From the data below, return the exact lines starting at the line containing "Modern hotel lounge" and ending at the line containing "laundry room with", both included, and nothing else.

·····

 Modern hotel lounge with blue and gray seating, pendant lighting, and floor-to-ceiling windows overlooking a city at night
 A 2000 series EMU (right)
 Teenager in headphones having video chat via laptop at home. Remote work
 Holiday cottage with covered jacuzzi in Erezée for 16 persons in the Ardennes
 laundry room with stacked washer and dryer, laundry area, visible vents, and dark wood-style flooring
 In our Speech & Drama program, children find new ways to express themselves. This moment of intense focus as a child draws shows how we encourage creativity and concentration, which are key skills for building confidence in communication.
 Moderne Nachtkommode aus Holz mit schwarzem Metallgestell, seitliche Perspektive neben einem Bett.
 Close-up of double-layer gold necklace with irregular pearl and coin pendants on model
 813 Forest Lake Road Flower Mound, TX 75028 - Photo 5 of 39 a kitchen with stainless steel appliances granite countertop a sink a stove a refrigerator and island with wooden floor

·····

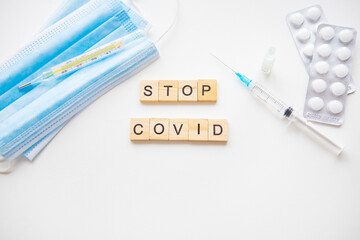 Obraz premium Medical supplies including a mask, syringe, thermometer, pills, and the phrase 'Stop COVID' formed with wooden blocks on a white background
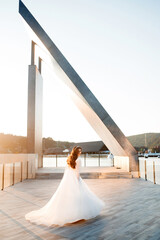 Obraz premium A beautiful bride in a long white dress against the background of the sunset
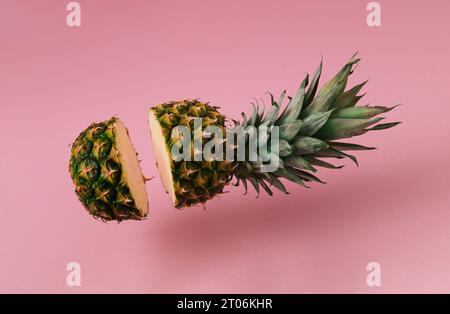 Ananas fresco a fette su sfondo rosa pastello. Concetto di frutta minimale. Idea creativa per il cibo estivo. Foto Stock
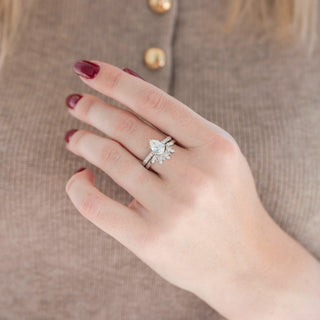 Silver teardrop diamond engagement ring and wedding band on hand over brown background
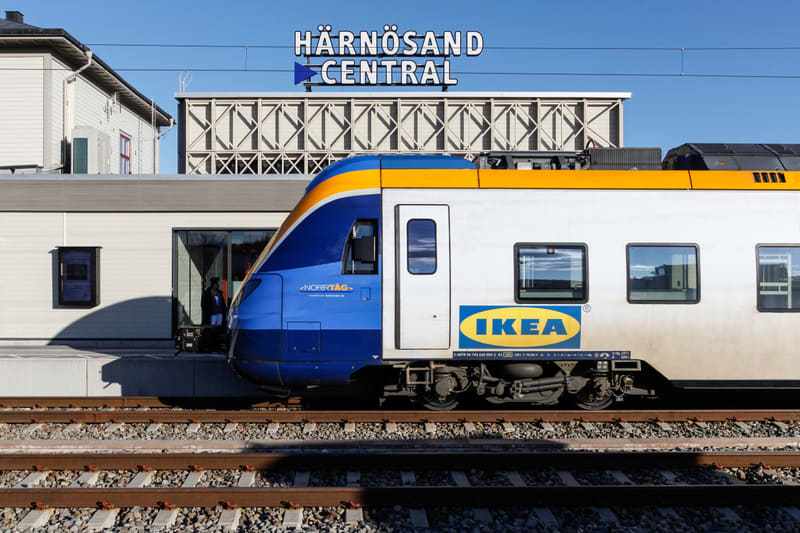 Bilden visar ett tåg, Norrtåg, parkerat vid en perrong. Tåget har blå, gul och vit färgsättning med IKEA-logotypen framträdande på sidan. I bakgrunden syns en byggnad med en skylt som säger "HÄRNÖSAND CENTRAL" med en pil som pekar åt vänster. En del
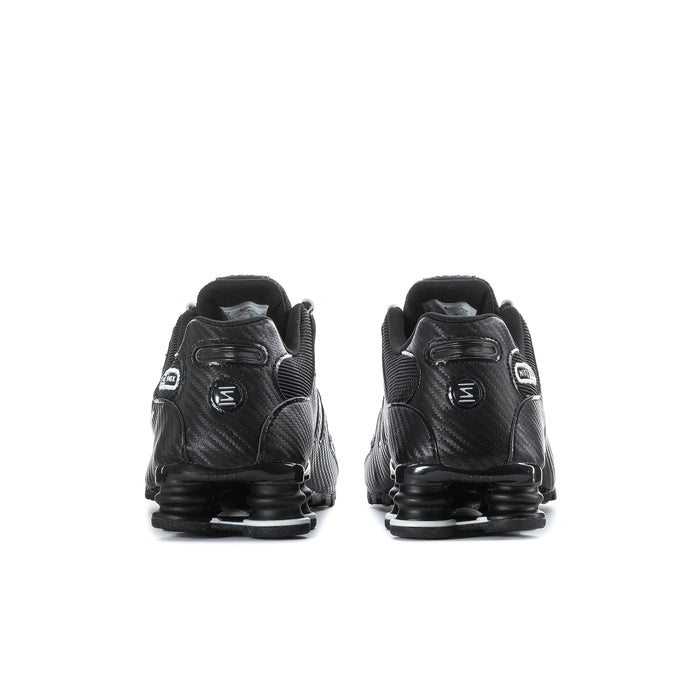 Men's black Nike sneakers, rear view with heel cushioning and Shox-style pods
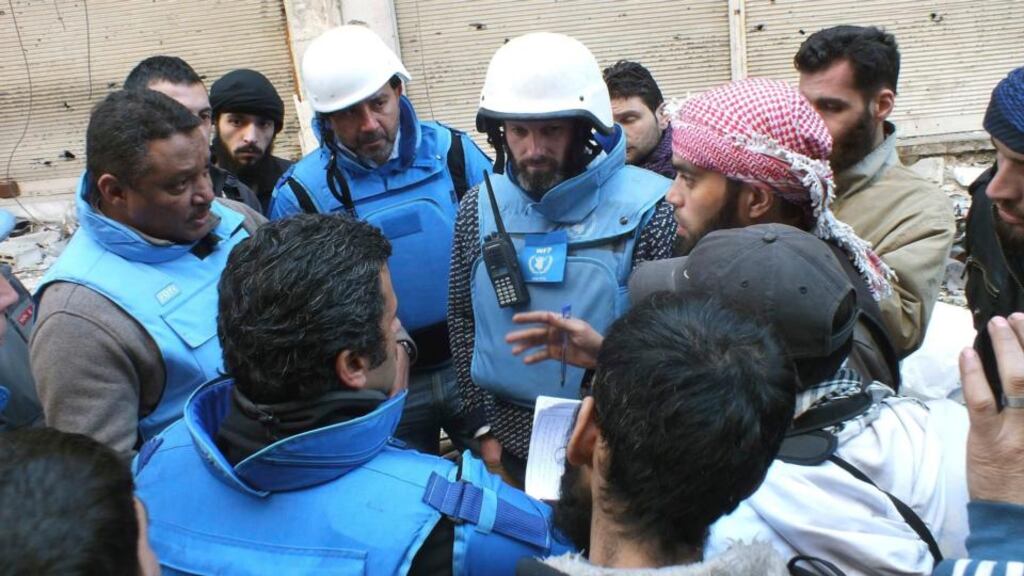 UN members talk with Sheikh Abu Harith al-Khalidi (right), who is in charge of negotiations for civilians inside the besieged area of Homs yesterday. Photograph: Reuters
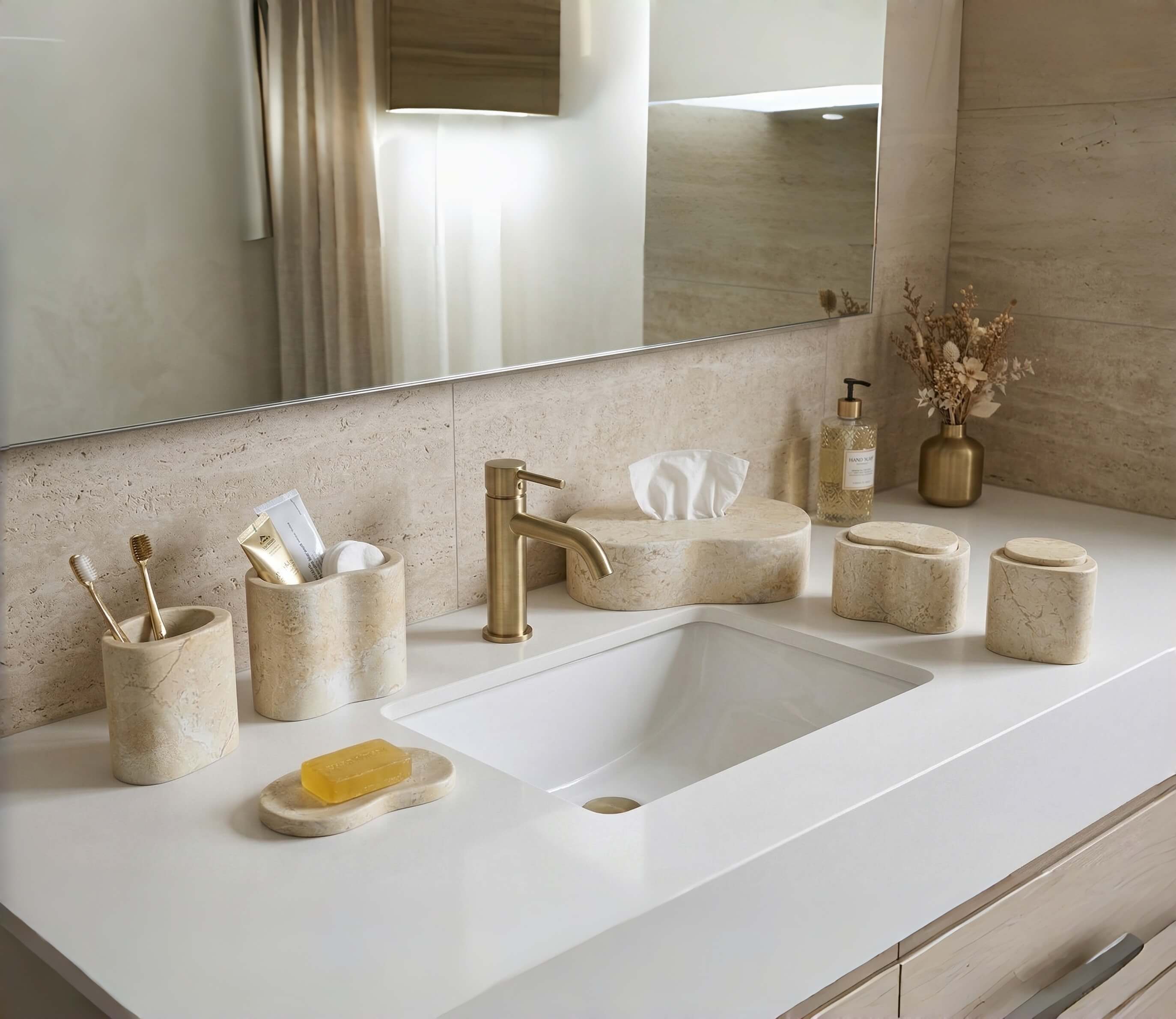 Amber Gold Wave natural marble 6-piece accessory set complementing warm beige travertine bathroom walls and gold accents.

·····

# Exercise response
 Modern hotel lounge with blue and gray seating, pendant lighting, and floor-to-ceiling windows overlooking a city at night
 A 2000 series EMU (right)
 Teenager in headphones having video chat via laptop at home. Remote work
 Holiday cottage with covered jacuzzi in Erezée for 16 persons in the Ardennes
 laundry room with stacked washer and dryer, laundry area, visible vents, and dark wood-style flooring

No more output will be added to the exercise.